How American Coal Could Come Back Leaner and Cleaner

It’s been a wild month for the U.S. coal industry. When the Paris climate agreement entered into effect on November 5, Barack Obama and Hillary Clinton both thought they had signed the death warrant of the American coal industry. Just over two weeks later, the new president-elect has promised to undo the Obama era’s “job-killing restrictions on the production of American energy.” All of a sudden, coal has gone from black sheep to DC darling.

Had Clinton won the White House, the Paris deal would have given her and her environmentalist backers the cover they needed to put every coal worker in the country out of business. The agreement seeks to limit global rise in temperatures below 3.6° Fahrenheit and promote the deployment of renewable energies. Obama, who had the whole agreement drafted in a way that would let him do a runaround on Congress, naturally hailed it as a “historic day” in the fight against global warming in which he himself was the main hero.
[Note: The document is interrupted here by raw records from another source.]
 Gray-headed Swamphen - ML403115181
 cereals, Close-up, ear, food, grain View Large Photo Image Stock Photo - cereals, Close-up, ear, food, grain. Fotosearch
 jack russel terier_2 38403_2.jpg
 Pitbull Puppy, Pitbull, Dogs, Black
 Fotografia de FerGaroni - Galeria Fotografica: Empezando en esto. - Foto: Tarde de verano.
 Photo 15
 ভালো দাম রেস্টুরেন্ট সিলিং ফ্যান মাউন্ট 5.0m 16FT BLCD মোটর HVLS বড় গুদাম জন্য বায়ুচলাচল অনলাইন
The Paris deal played well for the Left's environmental agenda, but it was catastrophic for U.S. fossil fuel industries. Coal in particular got walloped: between Obama's policies and the specter of a global regime that would force both the U.S. and other countries to abandon coal power, American plants and mines have closing at an unprecedented rate, with thousands of workers losing their jobs and entire communities decimated. Some of the nation's largest coal producers have recently filed for bankruptcy, with Peabody Energy, the world's largest coal company, as well as Arch Coal and Alpha Natural Resources among the recent casualties. The Peabody closure alone could put 5,000 employees out of work.

True, some of the damage done to the coal industry has been a result of the rise of shale gas, but much of it comes down to burdensome regulations Obama and his EPA saddled on the coal industry. In 2015, the Obama administration stopped giving leases for new coal mines on public lands, which is the source for around 40 percent of coal in the U.S. National Economic Research Associates found the EPA's most recent mercury admission standards, which went into effect in 2015, will cost the economy $25.6 billion per year. Things were bound to get worse under the Obama’s Clean Power Plan, which limits carbon dioxide emissions from power plants and specifically targets coal.
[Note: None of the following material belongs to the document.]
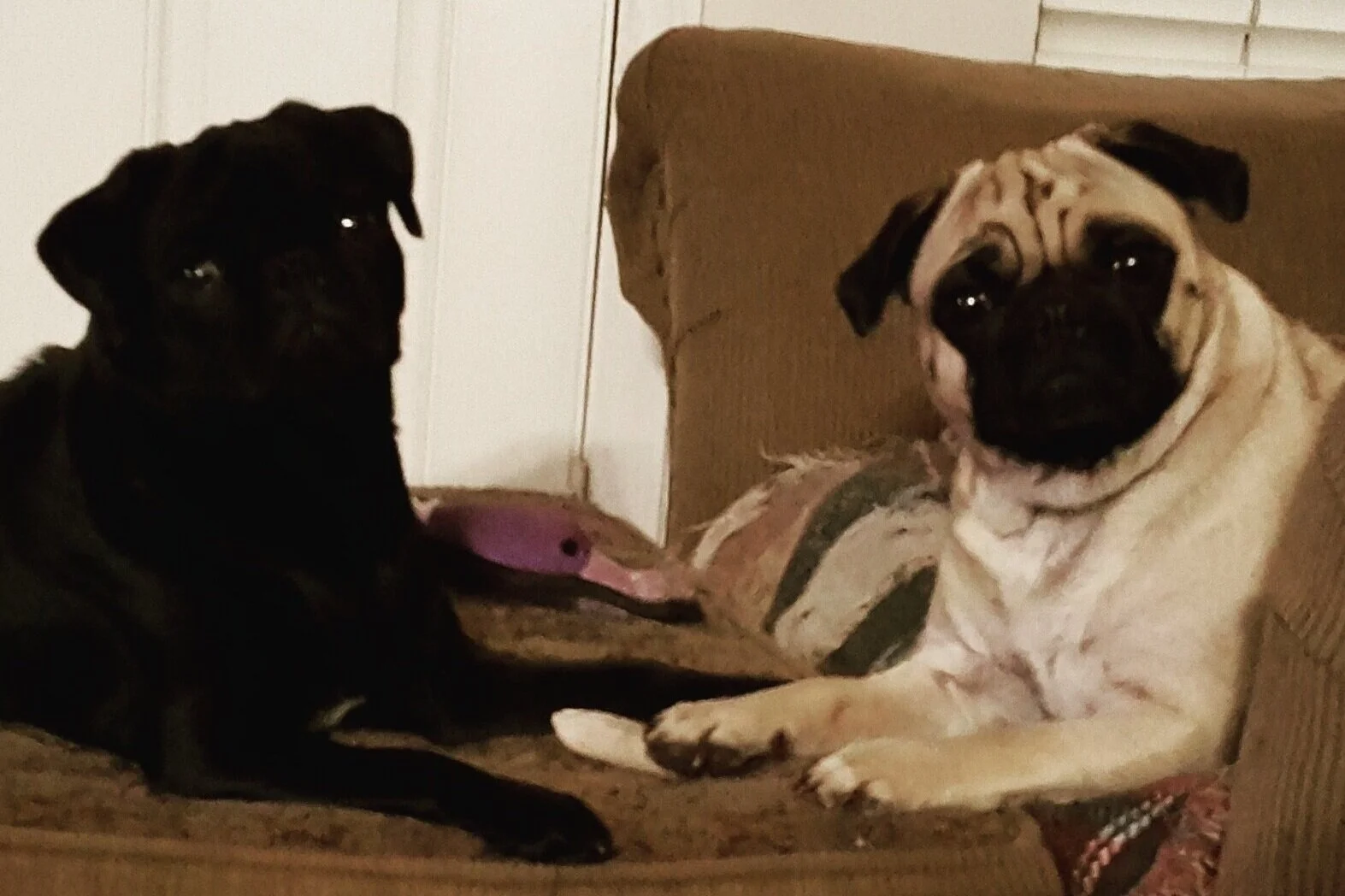 Pug Breeder in Florida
The consequences of these policies have been disastrous for coal country. In all, 31,000 workers in the sector have been made “redundant” since 2009. Employment in U.S. coal industry is now at its lowest levels since the 1980s, and in the last six years, over 230 U.S. coal-fired plants have closed or will close soon. Almost five percent of American coal capacity was shuttered just last year, with states like Ohio, Georgia, and Kentucky hit especially hard. Of course, it isn’t just coal workers and communities that have been hit. Declining production caused electricity prices to rise, and coal industry stocks dropped over $30 billion in value since 2009.

After eight years of slow, excruciating decline, coal country had its revenge on the Democrats by helping take the White House away from them and giving it back to the one candidate that spoke to their pain. Unsurprisingly, the Left has responded by declaring Trump’s election a disaster for climate change, but even they should be able to find cause for optimism: after all, president-elect Trump’s transition message made it clear that it was clean coal he’d be bringing back.

In reality, new technologies mean coal power can be made cleaner than ever. By the EPA’s own measure, emissions of carbon dioxide and other pollutants released by coal plants have fallen by more than half over the last 40 years. There have been tremendous breakthroughs in clean coal technology, which uses carbon capture and storage (CCS) to remove the vast majority of carbon dioxide from coal power emissions. If this technology were given a genuine chance rather than being written off as a myth, clean energy might not have to mean an economic death sentence for tens of thousands of hardworking Americans. Under President Trump, clean coal looks like it will have its chance.

In this, as in many other things, we are already lagging behind. There are already successful CCS plants in operation overseas: a coal plant in Chennai, India, for example, has adopted what its creators described as a revolutionary new technique that can make clean coal commercially viable for the first time. Using a new solvent that reduces the cost of carbon capture by up to two thirds, the plant captures around 97 percent of carbon emissions at a cost of just $30 per ton of carbon -- cheaper than most renewables. Further adding to the benefits of the process, the carbon is made into soda ash and used to make everything from glass to detergents. The plant in India is not the only successful clean coal project: the W.A. Parish plant in Texas is set become the largest clean coal plant in the world this year. With Trump in office, more are bound to come.

While many environmentalists will swear up and down that coal has no place in their energy plans, clean coal will wind up playing a vital role in curbing emissions and ultimately do more to curb greenhouse gas emissions than renewable energy sources. Choosing to eschew CCS in reaching global emissions targets could more than double their cost, according to the Intergovernmental Panel on Climate Change. Worse, it would rob the U.S., with enough coal to power the nation for an estimated 500 years, of an invaluable source of energy security. Those fretting over Trump’s energy policy should take heart: saving the planet and saving American workers doesn’t have to be a zero-sum game.